The controller node 600 may further comprise a permission unit 603 for checking whether bypass of the failed or overloaded service function is permitted and, if bypass of the failed or overloaded service function is permitted, for instructing the management unit 602 to cause traffic in the service chain to follow the secondary path to the traffic exit point, and, if bypass of the failed or overloaded service function is not permitted, for instructing the management unit 602 to mark the service chain as failed or degraded. The permission unit may also check whether the failed or overloaded service function has been marked as essential to operation of the service chain.

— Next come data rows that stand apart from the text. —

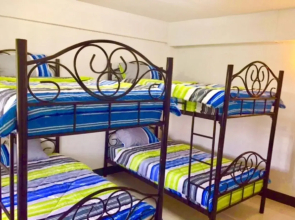 Bann Banburee Hostel & Cafe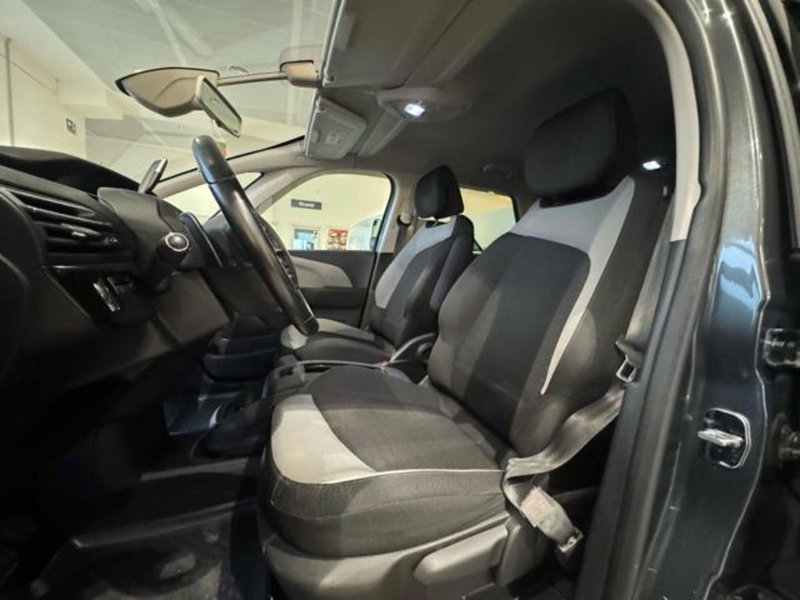 Citroen Grand C4 Picasso usata a Sassari (10)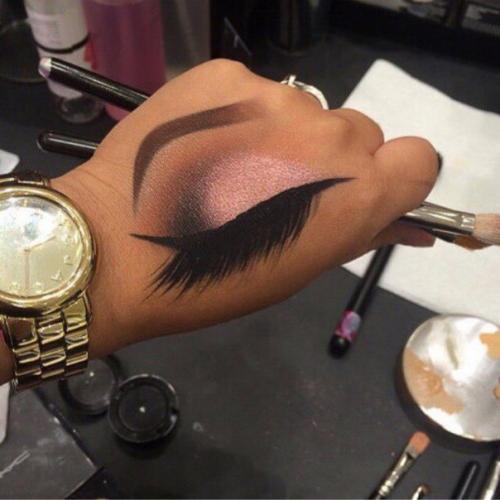 Я могу сделать вам, причёски и макияж на любое мероприятие и на каждый день индивидуальный подход к каждому клиенту! 03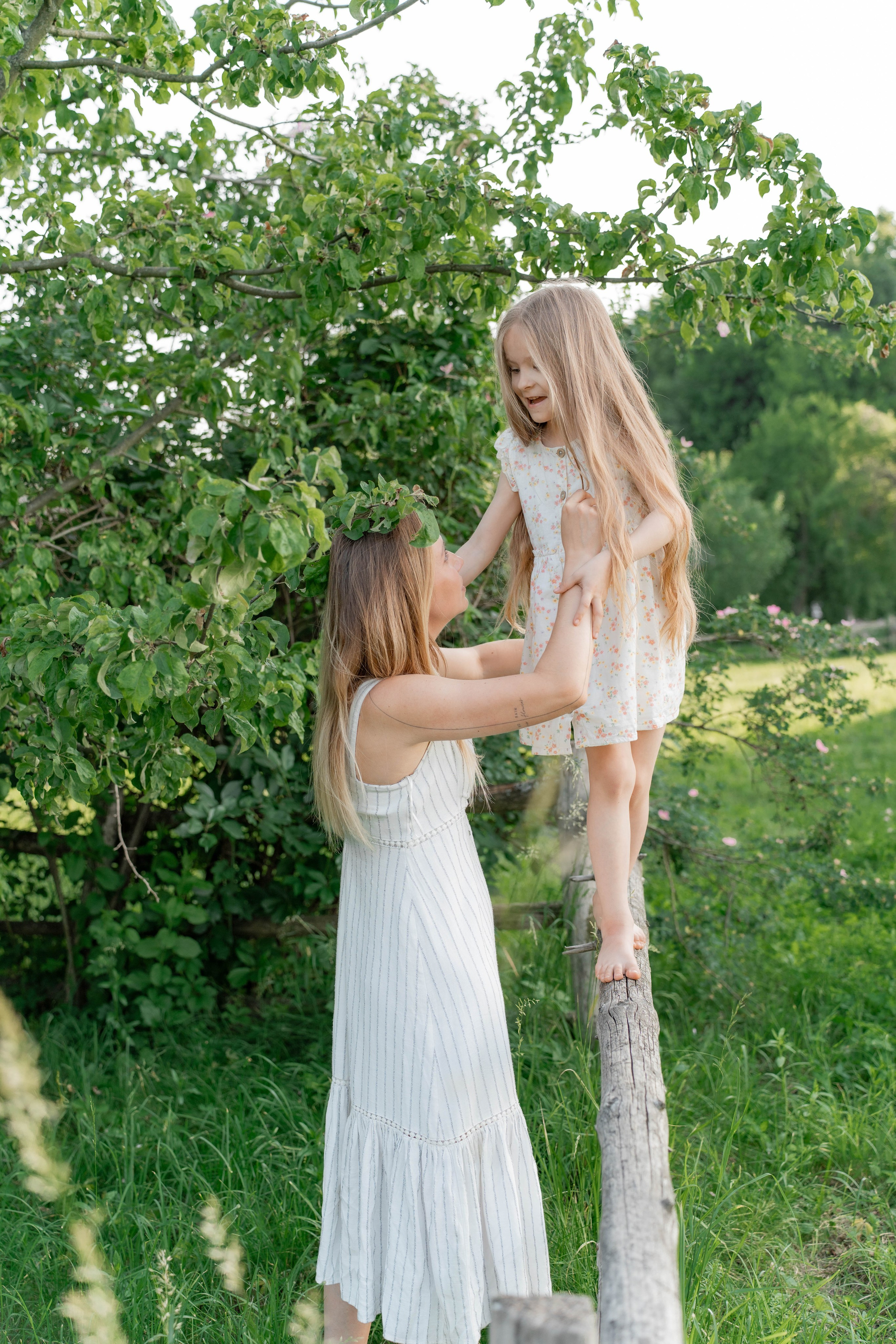 Сімейна фотосесія в Пирогово мами з двома донями. Сімейний фотограф Київ Наталія Шкаврон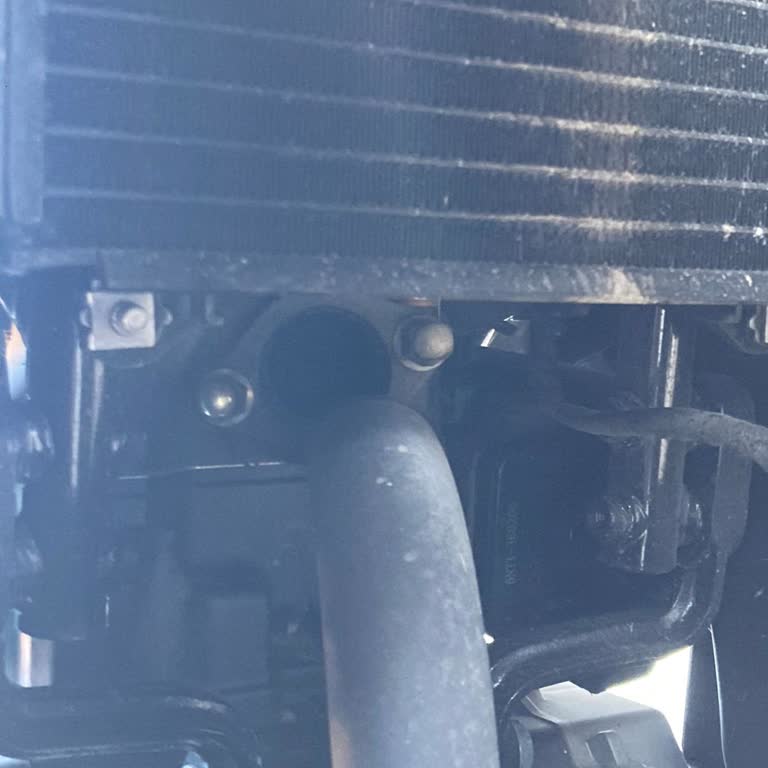 CFMOTO 250SR Egzoz Parçası İçin 1,5 Yıllık Bekleme Ve Servis Yetkisizliği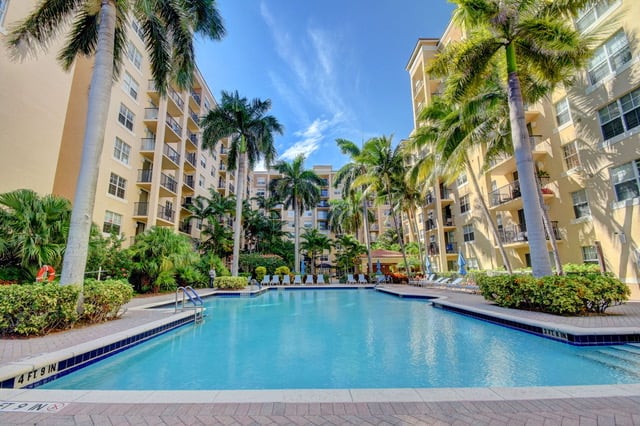 Flagler Pointe Downtown WPB Condos
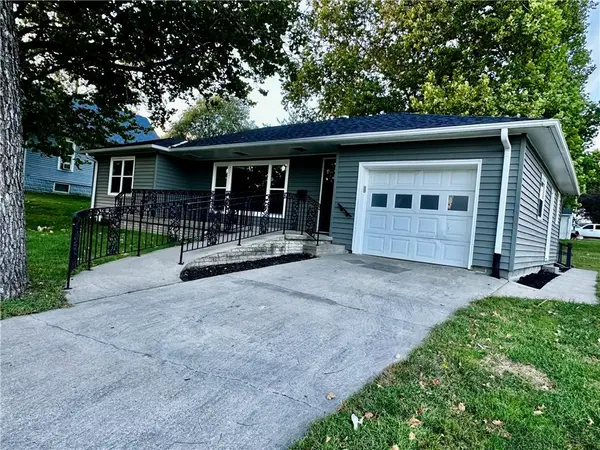203 W 11th ST #W, Maryville, MO 64468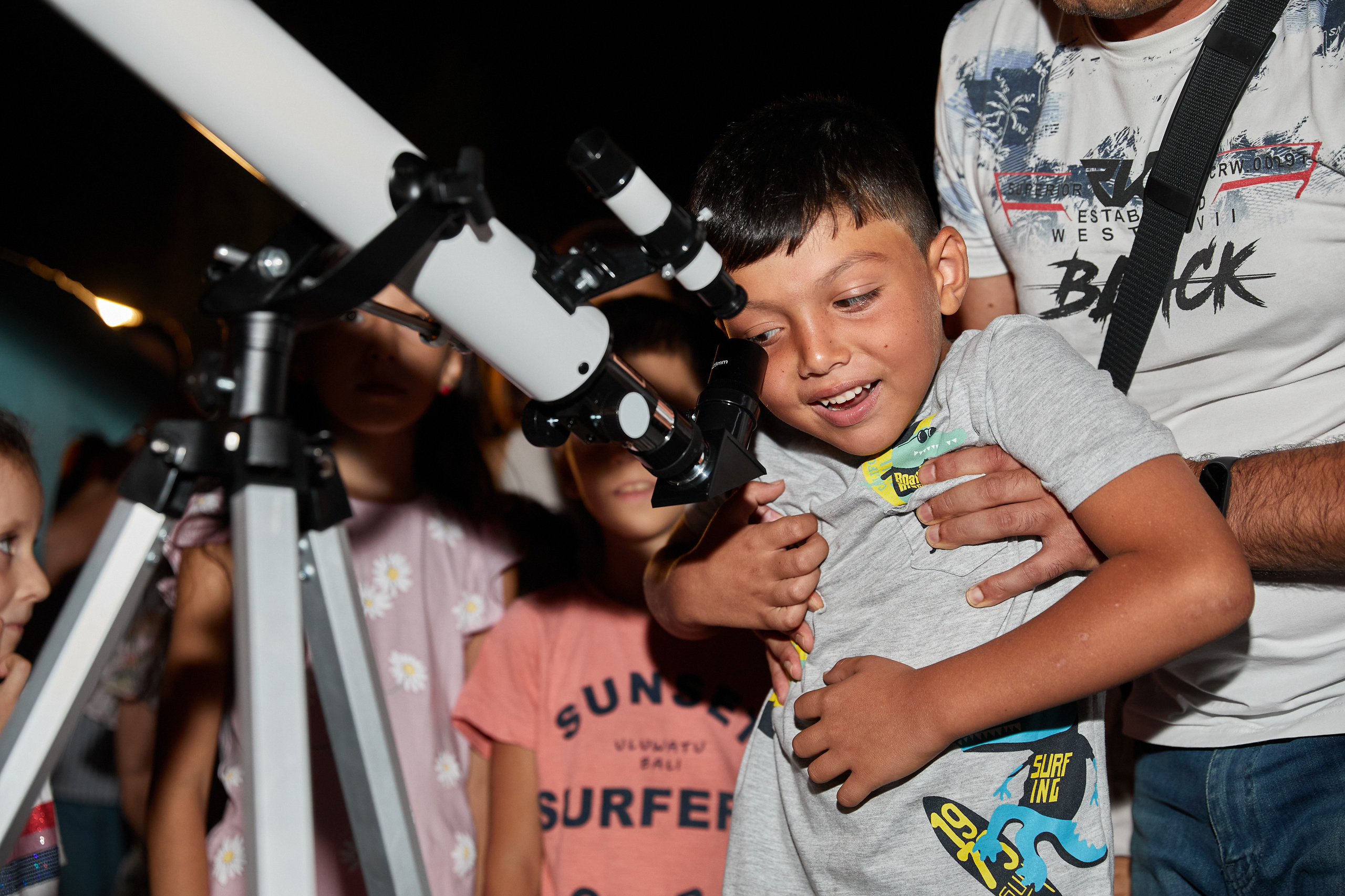 Kosmosla ilk tanışlıq. Həvəskar Astronomlar Cəmiyyəti — Astronomy.az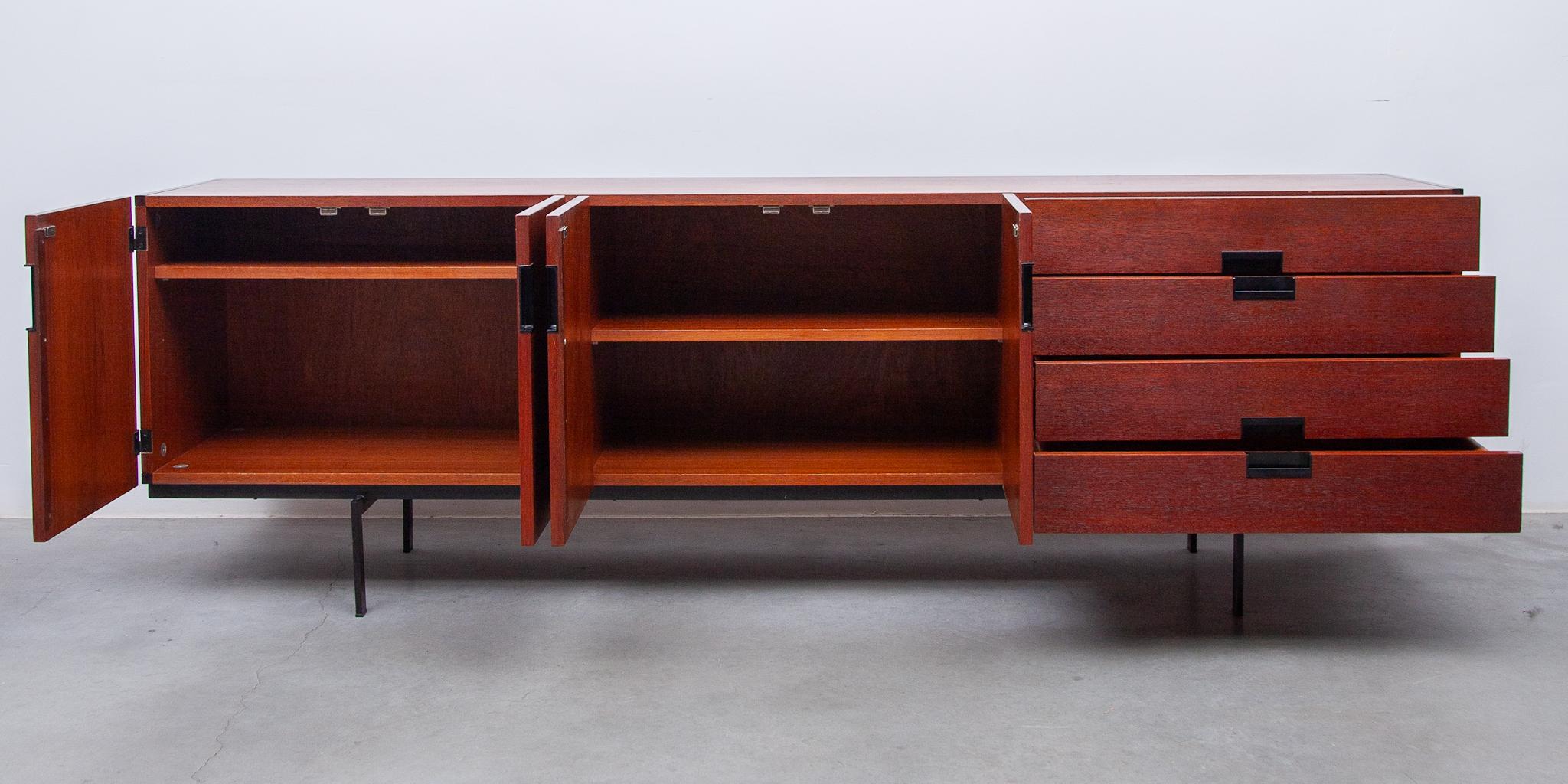 Serie japonesa DU03  Aparador de Cees Braakman para Pastoe 1958, diseño holandés Metal en venta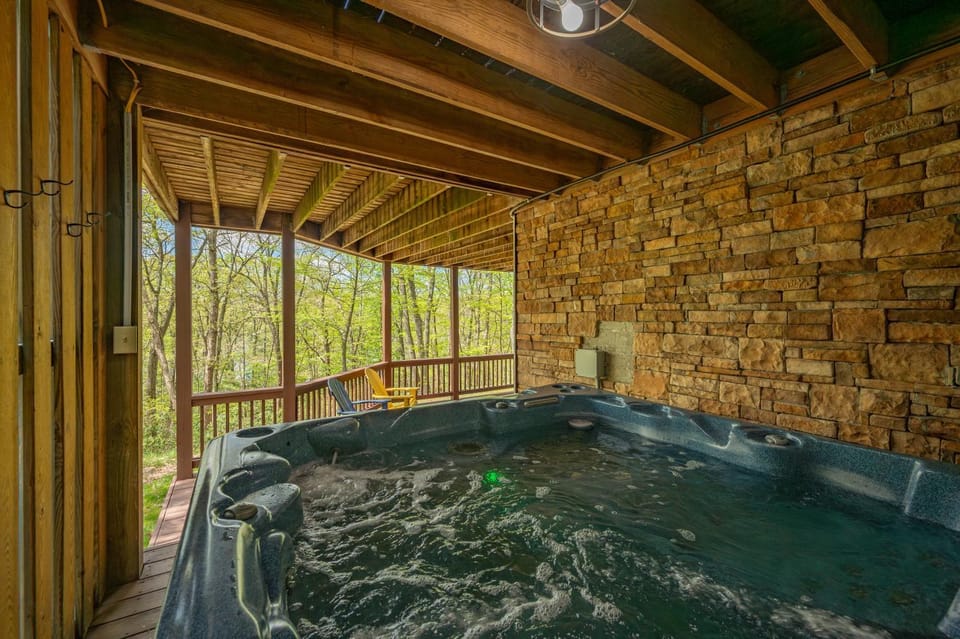 Great Expectations by Railey Vacations House in Deep Creek Lake
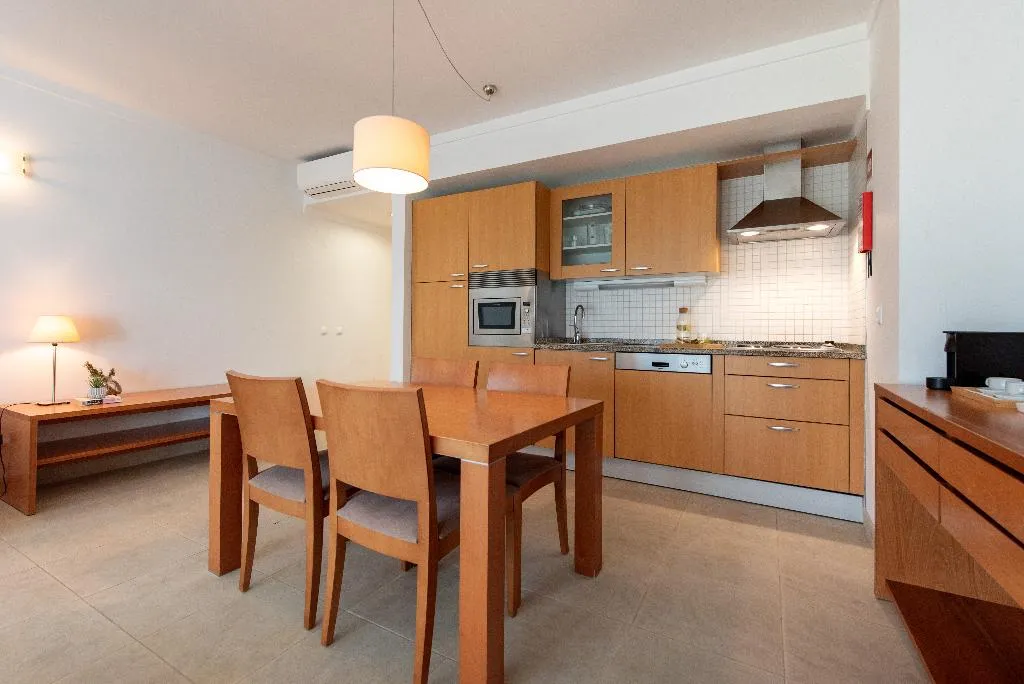 APARTMENT ONE BEDROOM WITH VIEWS Room, Vista Marina Apartamentos Turisticos, Algarve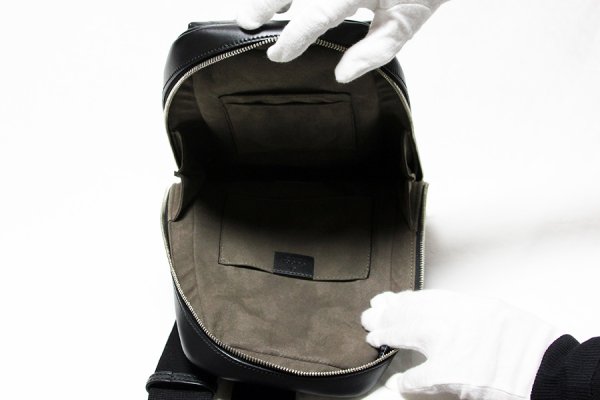 グッチ　グッチシマ クロスボディバック 450970 493492 ブラック　中身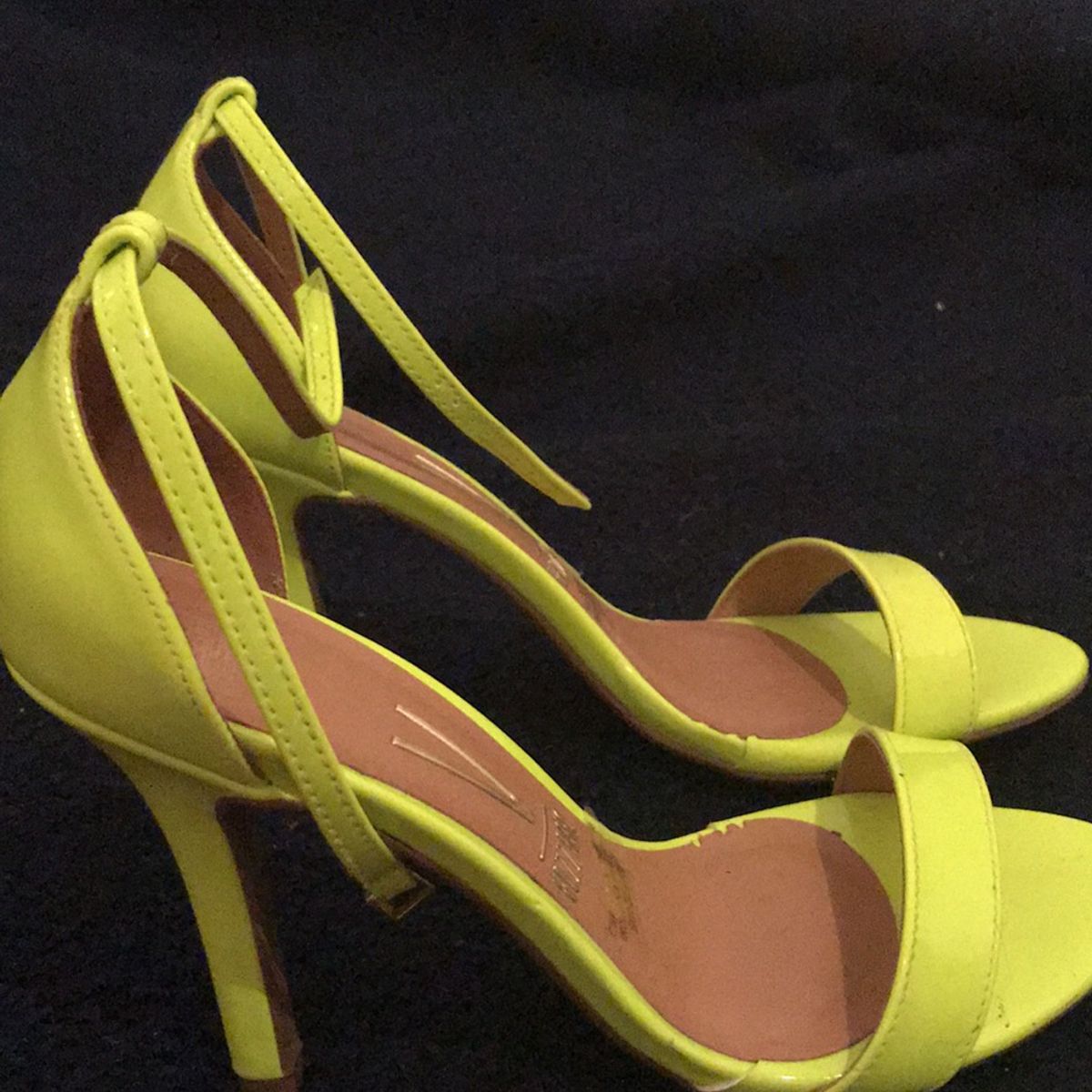 sandalia vizzano neon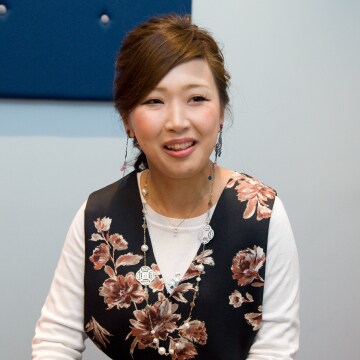 話に共感する亀井絵里奈さんの写真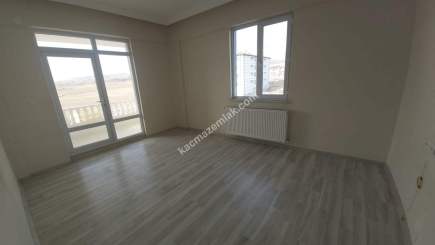 Kayseri Develi Mustafa Asım Köksal Mah Kiralık Daire 3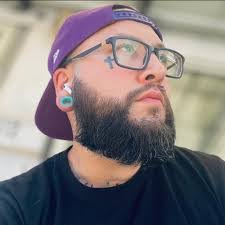 Casandra Kus's Instagram, Twitter & Facebook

The controller node 600 may also comprise a service function unit 604 for checking whether traffic can flow through the failed or overloaded service function and, if traffic cannot flow through the failed or overloaded service function, for instructing the management unit 602 to cause traffic in the service chain to follow the secondary path to the traffic exit point' and, if traffic can flow through the failed or overloaded service function, for checking whether bypass of the failed or overloaded service function is instructed. If bypass of the failed or overloaded service function is instructed, the service function unit 604 may instruct the management unit to cause traffic in the service chain to follow the secondary path to the traffic exit point, and, if bypass of the failed or overloaded service function is not instructed, the service function unit 604 may instruct the management unit to mark the service chain as degraded.

The service function unit 604 may also be for instructing the management unit 602 to cause a portion of the traffic to be dropped when the overloaded service function is not offloading and/or belongs to a service chain which is not offloadable and traffic which is not able to be processed by the service function is not able to flow through the service function.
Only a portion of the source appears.